:: What to work on ::
Within the lines below, the span from the line with "Snapshot of Genova_69" to the line with "2-Zimmer Wohnung in", both ends included, is to be reproduced exactly, with pictures omitted.

Stored data entries
************

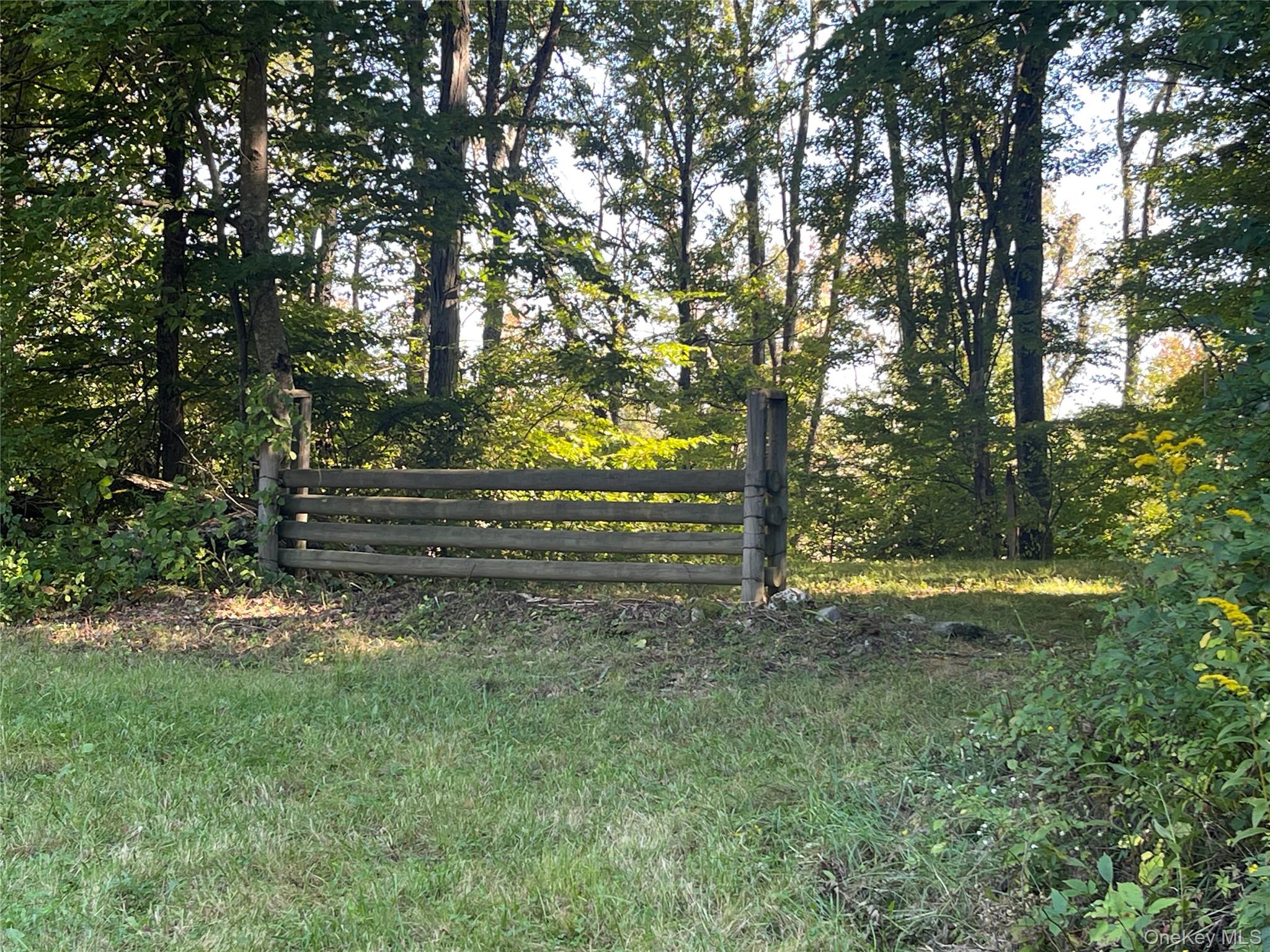 81-85 Fraleigh Hill Road Property Photo 35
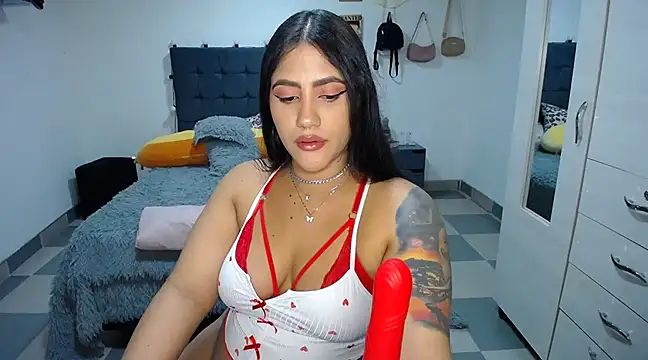 Snapshot of Genova_69 chatting on 03.09.25 Genova 69 online show from 03.09.25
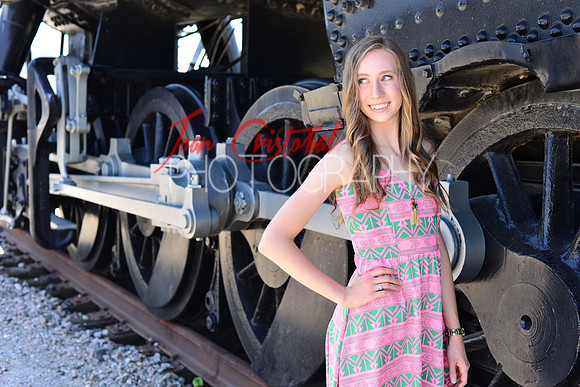 PROOFS Haven Senior Portrait  (141 of 168).jpg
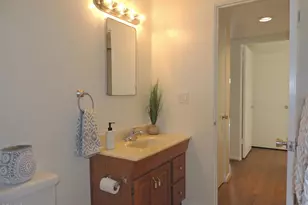 2228 Camilar Dr, Camarillo, CA 93010 - Photo 14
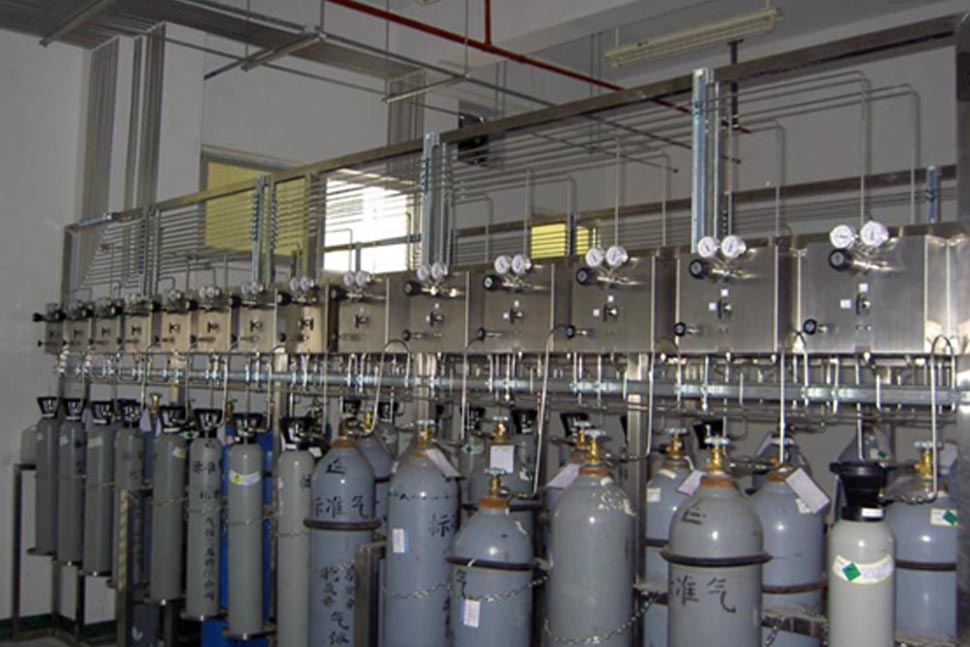 Our Exceptional Solutions Image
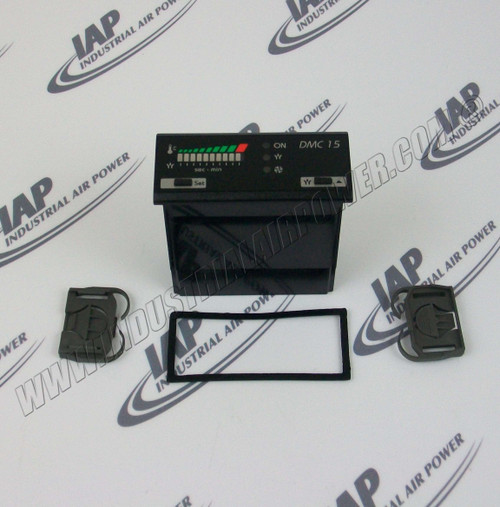 XERA5620130104 Dryer Controller (DMC 15)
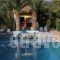 Garden of Eden_accommodation_in_Hotel_Ionian Islands_Zakinthos_Laganas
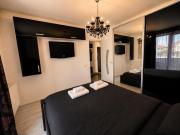 Top Mamaia Nord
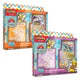 Pokemon TCG: World Championship Deck 2025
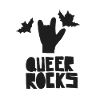 QUEER ROCKS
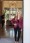 Claire Ackerman | Realtor headshot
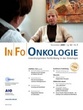 InFo Onkologie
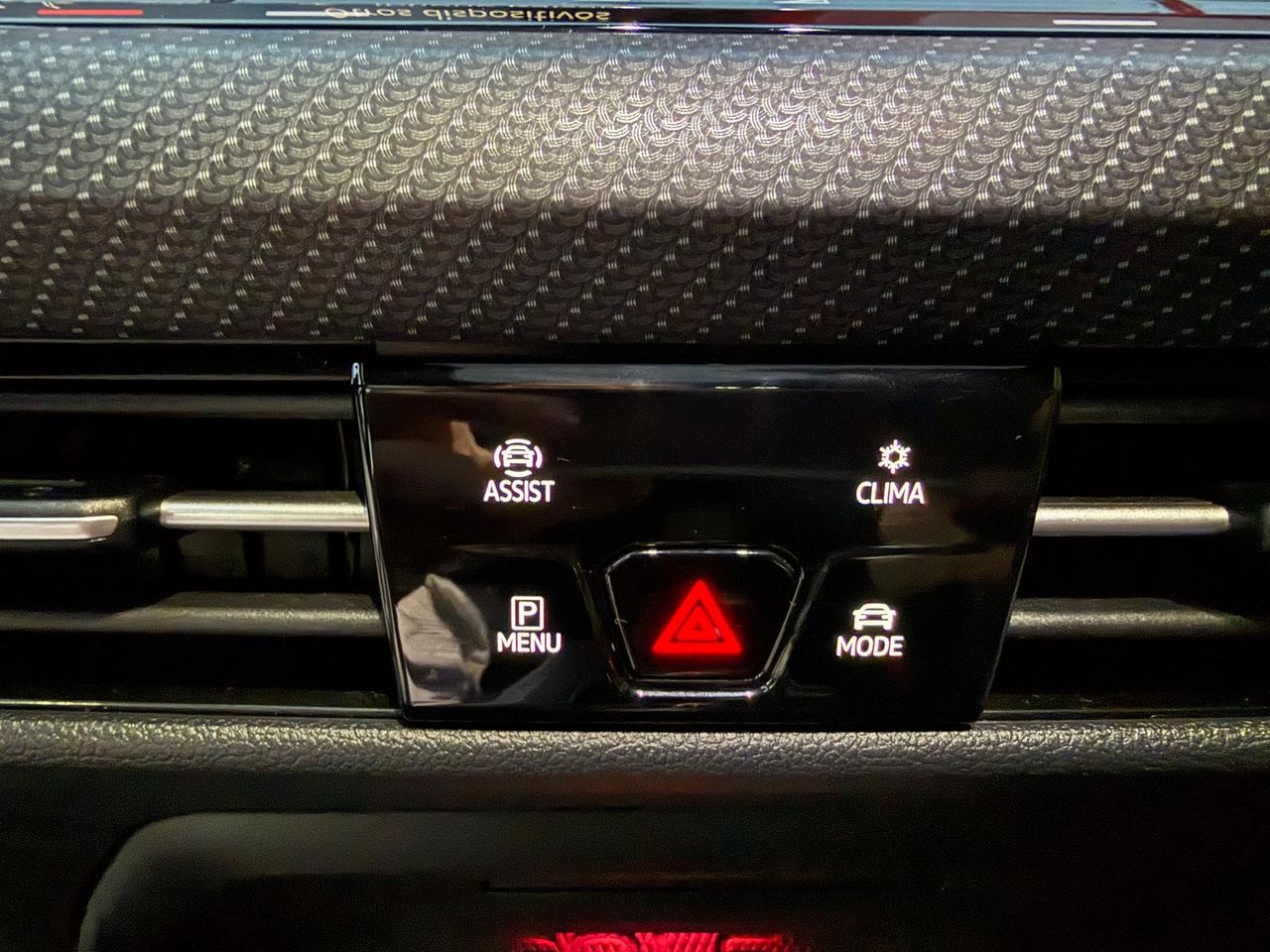 Volkswagen Golf R 2.0 TSI 235kW (320CV) 4Motion DSG - Foto 2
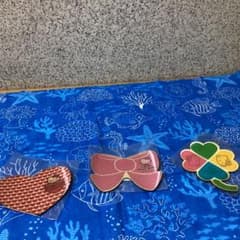 3453 VIVITIX GIRLS ハローキティ マウスパッド - メルカリ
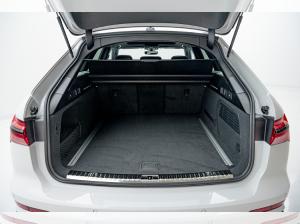 Audi A6 Avant 50 TDI TIPT*S-LINE*MATRIX*STAND*B&O*360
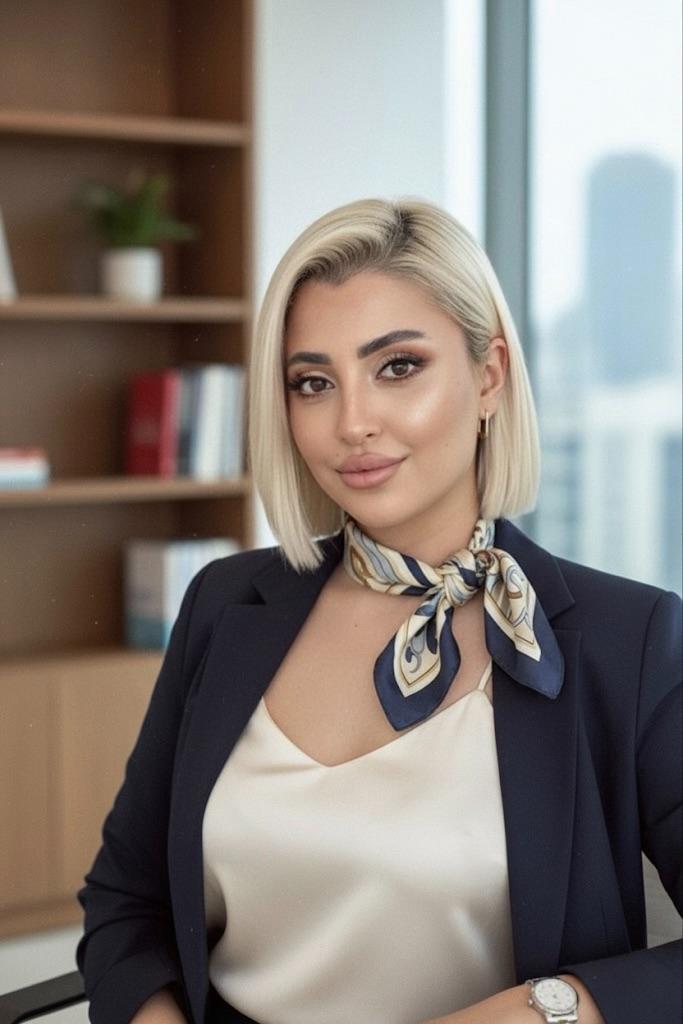 Tester Ürünler: Deniyoruz mu, Risk Alıyor muyuz?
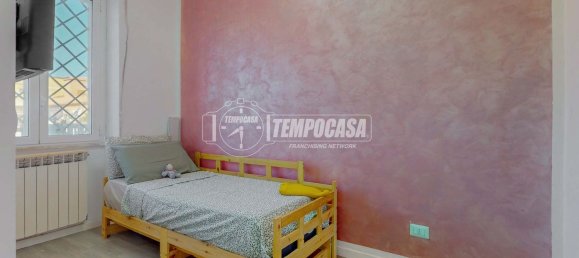 2-Zimmer Wohnung in Fiumicino, Italy, Nr. 273112 18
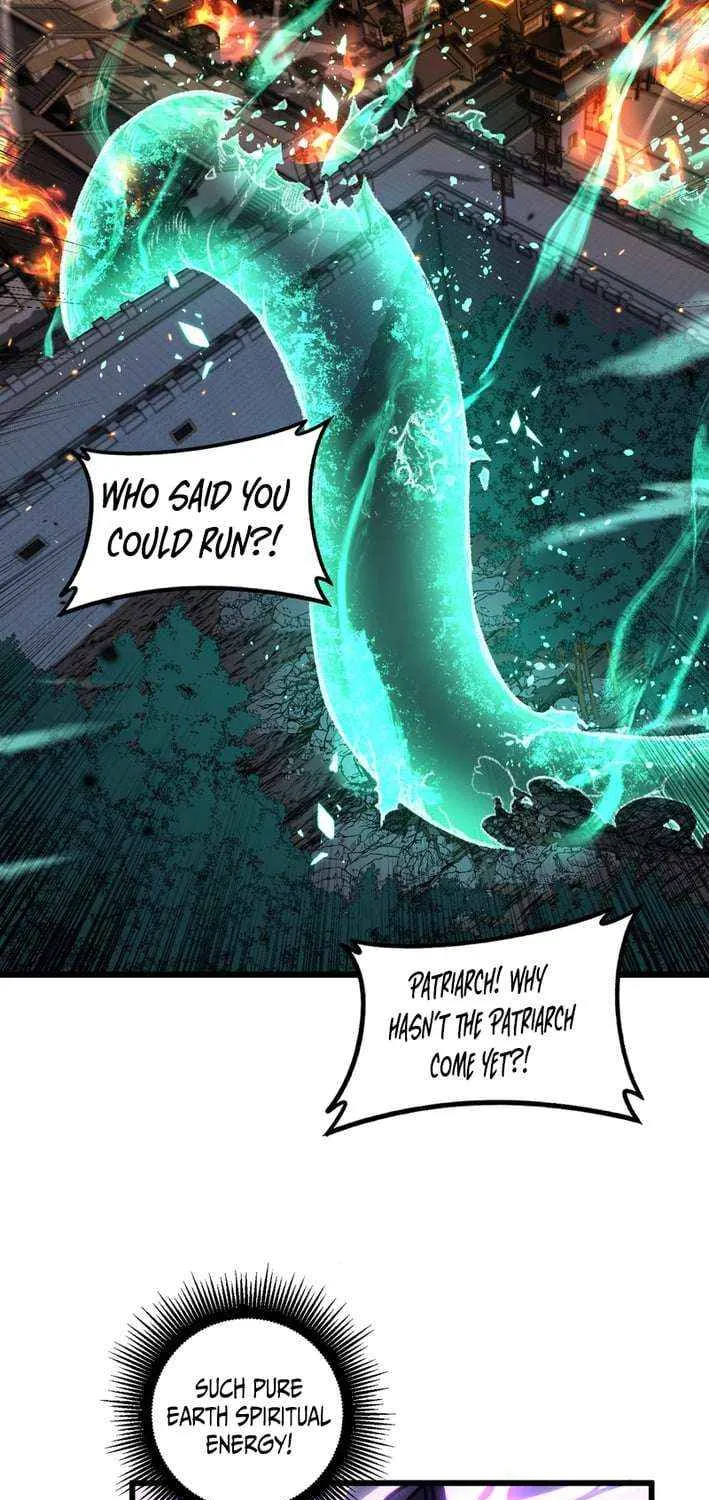 Chapter 74 — page 5
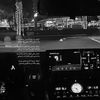 ar_787u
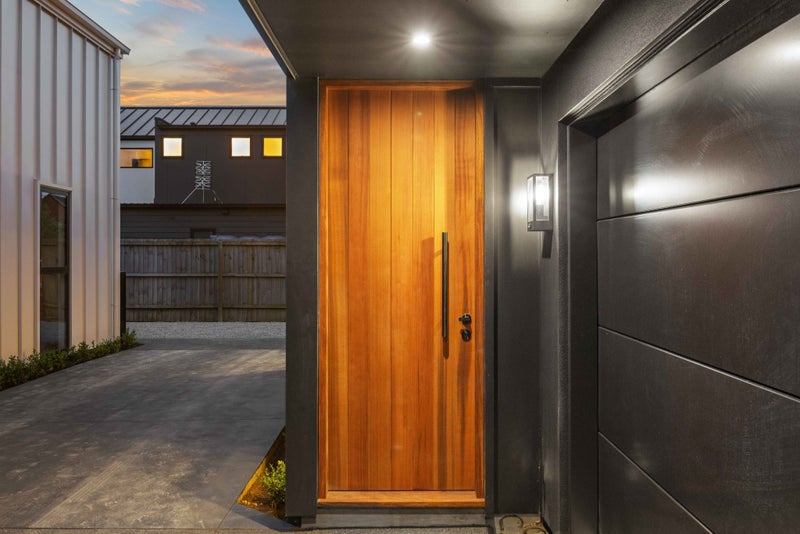 1/60 Innes Road, St. Albans, Christchurch City, Canterbury - Carousel 14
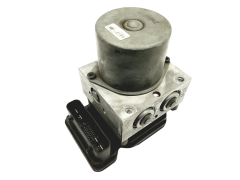 Pumpa Abs Hyundai i10 58910-0X500 BH60109100 Mando 35286 Pumpa Abs Hyundai i10 58910-0X500 BH60109100 Mando 35286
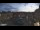 Webcam in Sarzana, 62.1 km entfernt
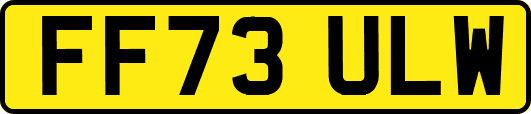 FF73ULW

************

:: Exercise solution ::
 Snapshot of Genova_69 chatting on 03.09.25 Genova 69 online show from 03.09.25
 PROOFS Haven Senior Portrait  (141 of 168).jpg
 2228 Camilar Dr, Camarillo, CA 93010 - Photo 14
 Our Exceptional Solutions Image
 XERA5620130104 Dryer Controller (DMC 15)
 Garden of Eden_accommodation_in_Hotel_Ionian Islands_Zakinthos_Laganas
 Top Mamaia Nord
 Pokemon TCG: World Championship Deck 2025
 QUEER ROCKS
 Claire Ackerman | Realtor headshot
 InFo Onkologie
 Volkswagen Golf R 2.0 TSI 235kW (320CV) 4Motion DSG - Foto 2
 3453 VIVITIX GIRLS ハローキティ マウスパッド - メルカリ
 Audi A6 Avant 50 TDI TIPT*S-LINE*MATRIX*STAND*B&O*360
 Tester Ürünler: Deniyoruz mu, Risk Alıyor muyuz?
 2-Zimmer Wohnung in Fiumicino, Italy, Nr. 273112 18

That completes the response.